Maxim: Simple and generic yet capable and specific enough to be useful

  • If both Kind groups and Collections live in the sidebar, users will have to think about what they should put in the sidebar. Should they create a Kind group? or a cross-Kind collection?
  • ie. Home calendar or just Home? Sometimes I just want to see the Home calendar, sometimes I want to manage all Home items together.
  • How do we visualize the complex relationships between the Home collection and the Home calendar collection?
  • Are kinds really a grouping? or are they just tools? ie. Imagine what they map to in the physical world: Notepad, Mailbox, Taskpad, Desktop calendar. A user has a home office and a work office. In both the home and work office, they have all 4 tools: Notepad, Mailbox, Taskpad and Desktop calendar. To the user Notepad isn't really a semantically meaningful grouping the way that Project Foo or Home and Work are.
    • Project: Foo answers the question: What is this item about?
    • Kind: Event answers the question: What is this item?
  • Most applications conflate the two and present them as if they are the same thing.
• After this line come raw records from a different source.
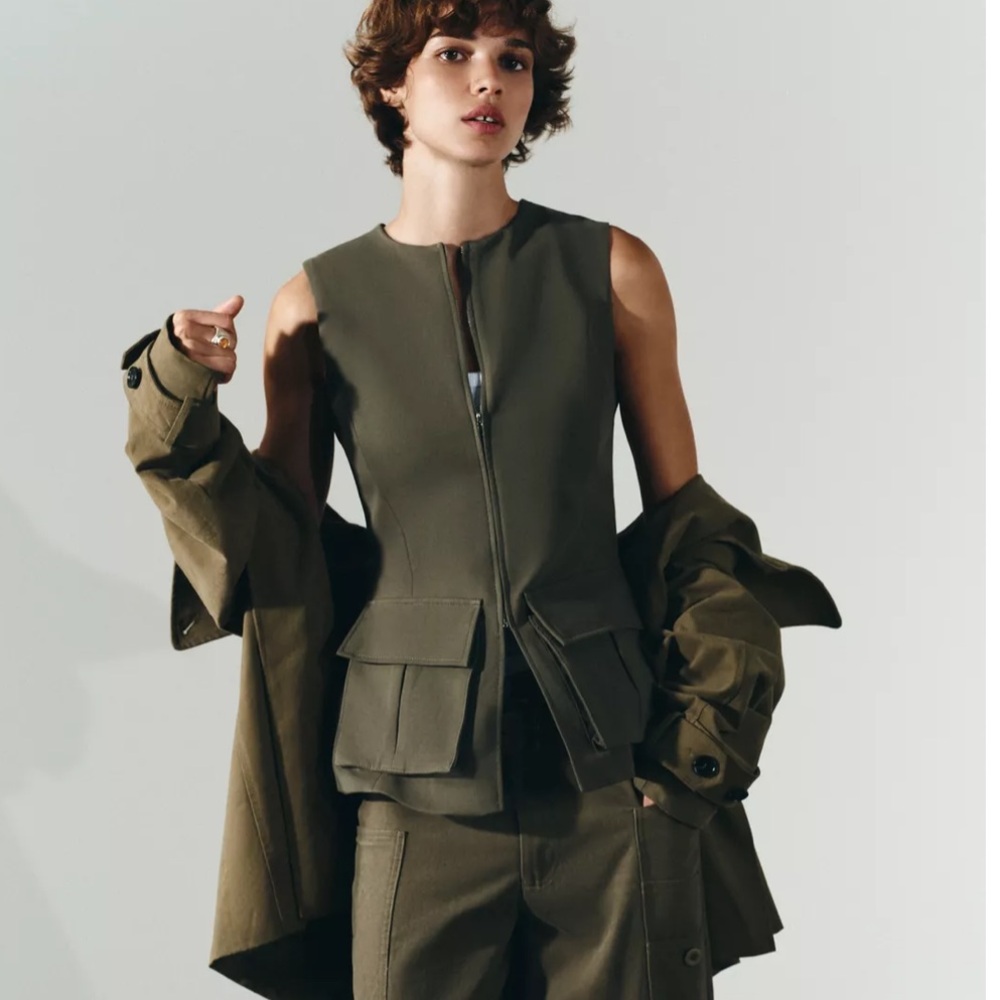 Sleeveless Olive Zip-Front Utility Top - Picture 2 of 14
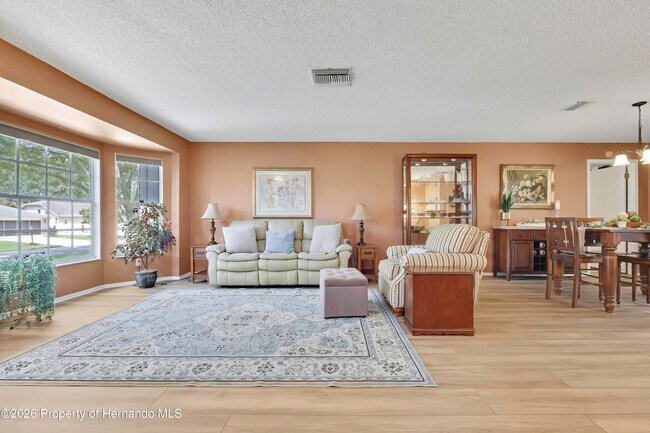Foto del edificio - 2066 Quailwood Ln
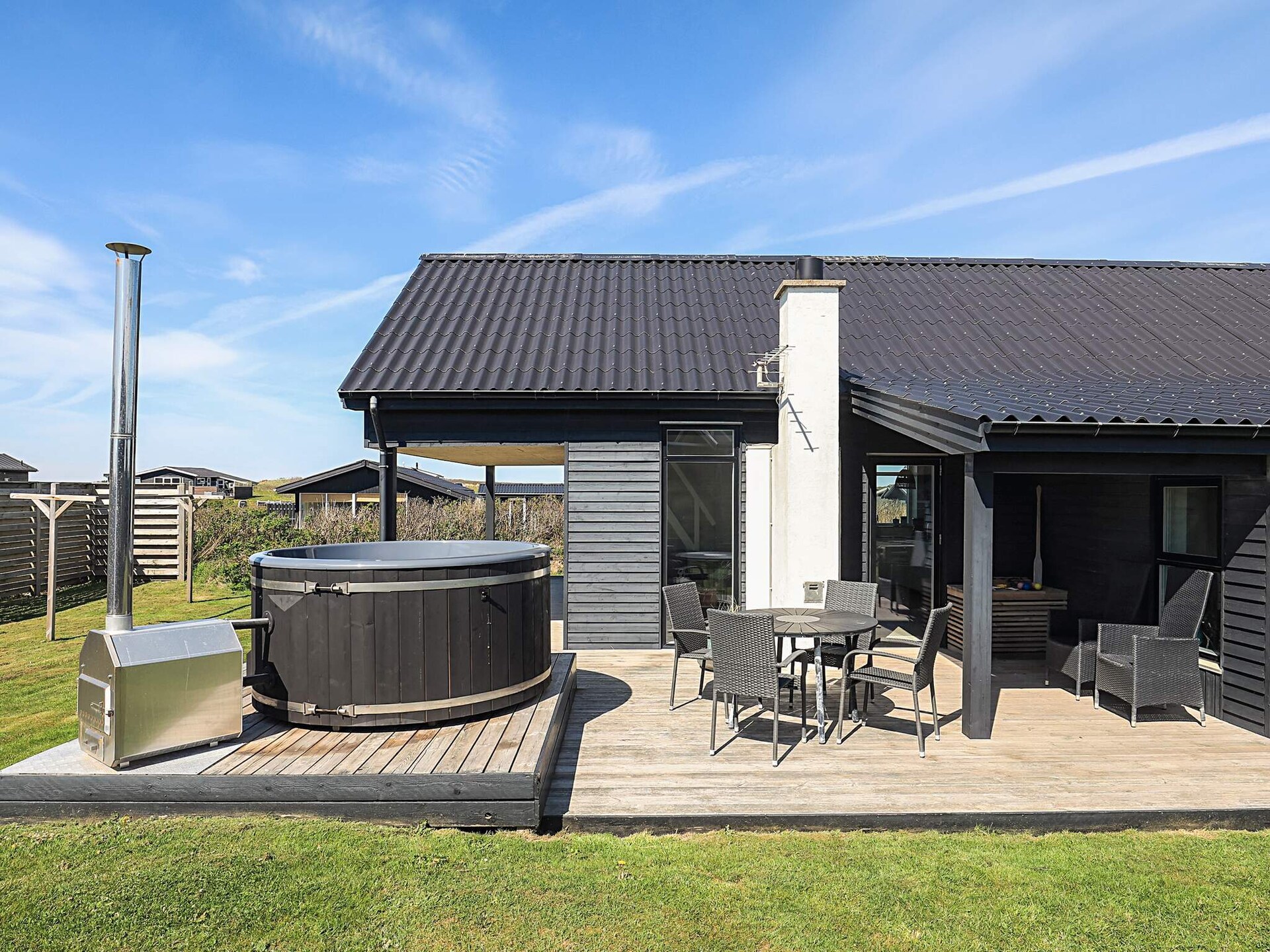 Luxe vakantiehuis met zeezicht op 50m van het strand bij Løkken - foto 39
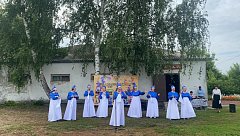 «Аркадакские бабушки» выступили перед жителями Ольшанки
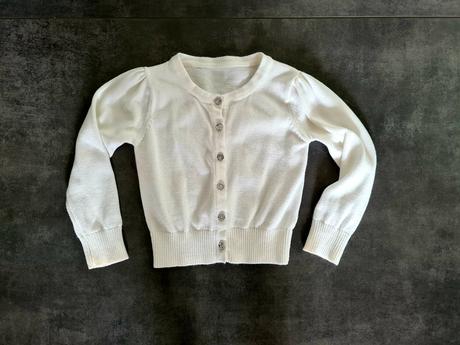 Svetrík s kamienkovými gombíkmi, 98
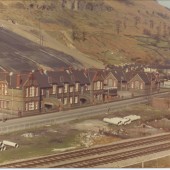 Dyffryn School
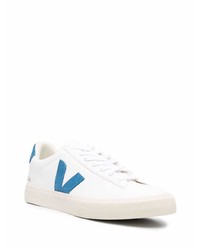 Sneakers basse in pelle bianche e blu di Veja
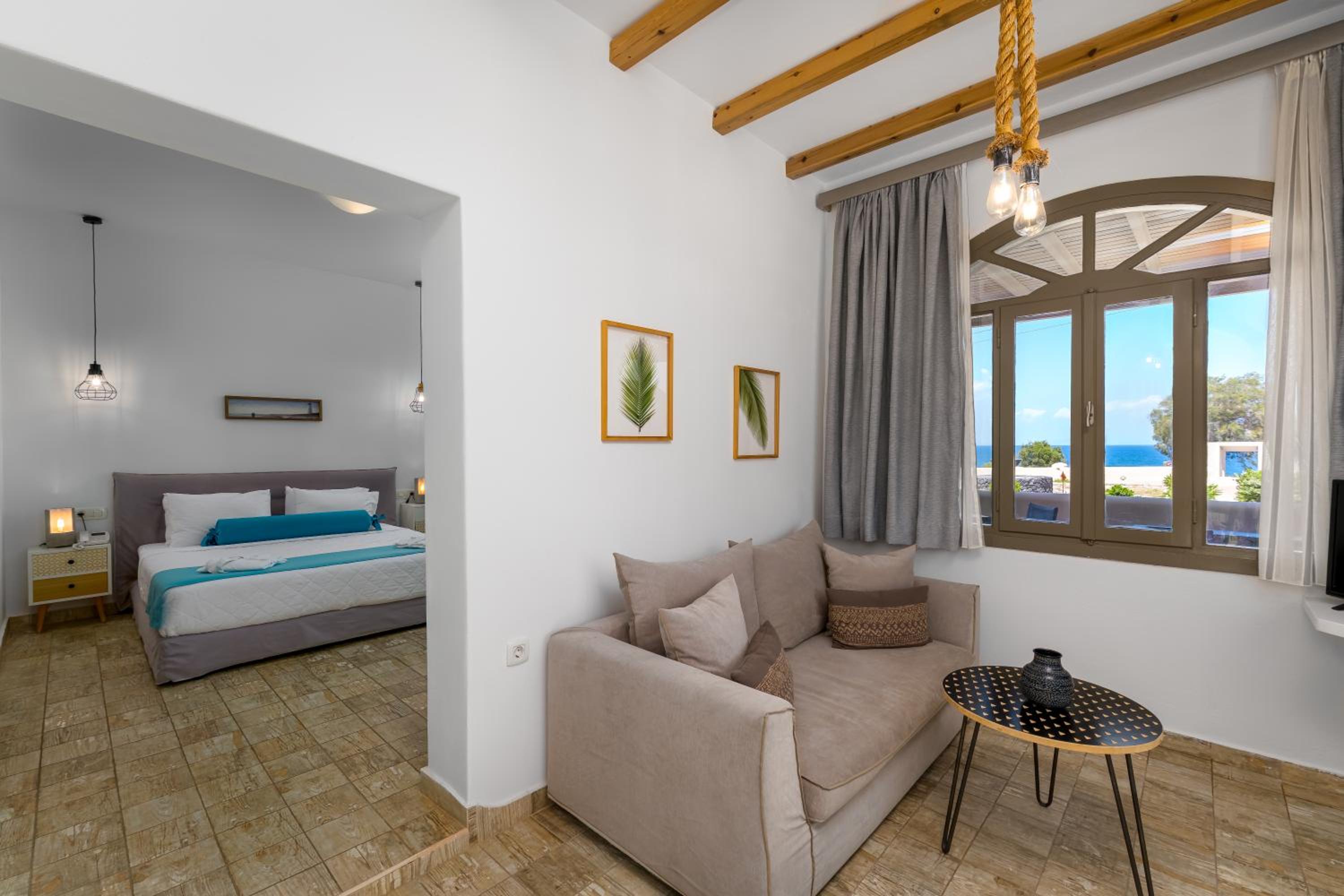 Romantic Deluxe Suite with Outdoor Jacuzzi & Sea Vista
That's a legacy of the physical world where your Work Notepad and your Home Notepad are 2 physically discrete things and where it's not possible to separate Notepad-ness from the notions of Work and Home.
  • However, in the virtual world, it IS possible to separate Kind-ness from Collection-ness and to treat them as orthogonal aspects of an item.

Sidebar and Stamping

  • Because of stamping, a single item can belong to multiple Kind-collections. As a result, the faceted sidebar allows the same item to be added to a new Kind-collection while remaining in the same row-item in the sidebar.
  • Otherwise, to look for the newly stamped item as a Task, the user would have to go to a different row item in the sidebar. The user doesn't think of stamping as the same thing as adding an item to a collection.